Task to carry out
Restate verbatim the span of lines below between the line with "Sneke MB MEZZALUNA QUILTED HIGH BOOT WP" and the line with "It's Philly Time Philadelphia Kids Hoodie", including those two lines, and only that span.

Material provided
======
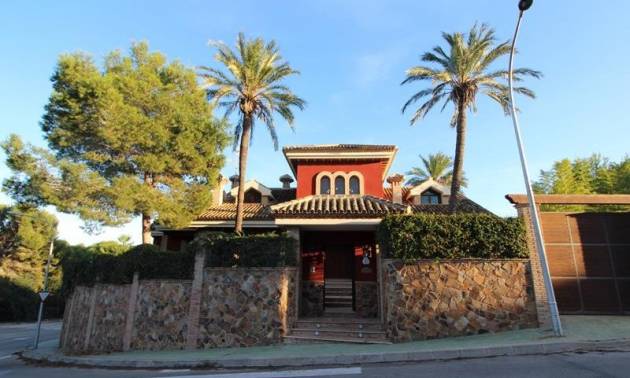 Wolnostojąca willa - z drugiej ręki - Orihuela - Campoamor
======
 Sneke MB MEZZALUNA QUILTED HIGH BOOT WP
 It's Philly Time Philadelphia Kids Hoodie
======
Exercise result
 Sneke MB MEZZALUNA QUILTED HIGH BOOT WP
 It's Philly Time Philadelphia Kids Hoodie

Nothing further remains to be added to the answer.